XXII.7 How the price of things is set in the variation of symbolic wealth

, par Stewart

Silver is the price of merchandise or commodities. But how shall this price be set ? In other words, by what portion of silver shall each thing be represented ?

If we compare the mass of gold and silver which is in the world with the sum of merchandise it contains, it is certain that each commodity or item taken separately can be compared to a certain portion of the entire mass of gold and silver. As the total of one is to the total of the other, will part of one be to part of the other. Let us suppose that there is but one commodity or product in the world, or only one that is purchased, and that it is divided like silver : this part of this product will correspond to a part of the mass of silver, half the total of the one to half the total of the other, the tenth, hundredth, or thousandth of the one to the tenth, hundredth, or thousandth part of the other.
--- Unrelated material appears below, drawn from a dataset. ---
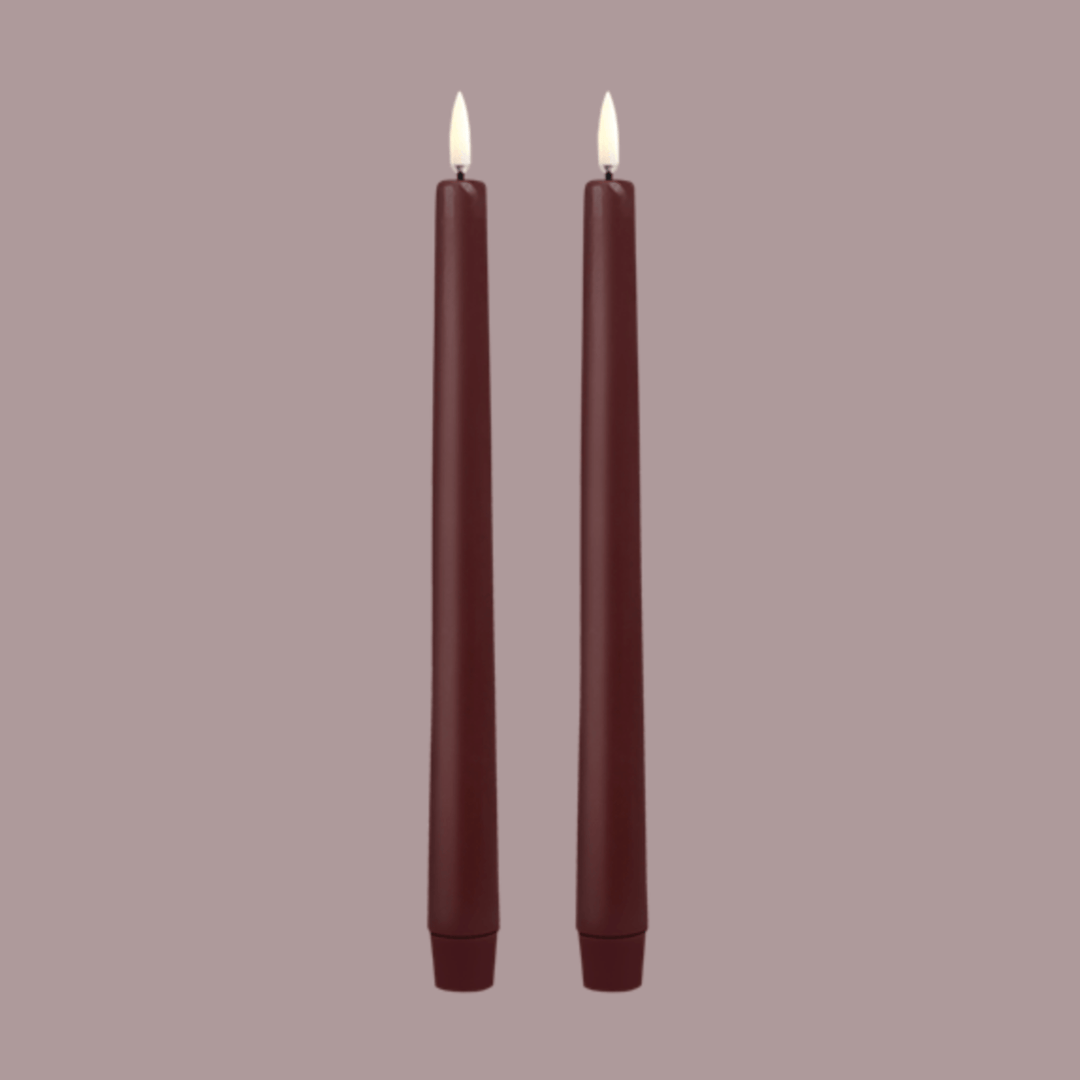 Wine red LED taper candles with realistic flame effect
But as what constitutes property among men is not all at the same time in the market place ; and as the metals or the moneys which are its signs also are not in the market at the same time, the prices will be set in compound ratio to the total of things with the total of signs, and to that of the total of things which are in the market with the total of signs that are also in the market ; and as the things which are not in the market today can be tomorrow, and the signs which are not in the market today can similarly return to it, the establishment of the price of things always depends fundamentally on the proportion of the total of things to the total of signs.

Thus the prince or magistrate can no more set the value of merchandise than they can establish by decree that the ratio of one to ten is equal to the ratio of one to twenty. Julian, by lowering the cost of commodities in Antioch, [1] caused a terrible famine there.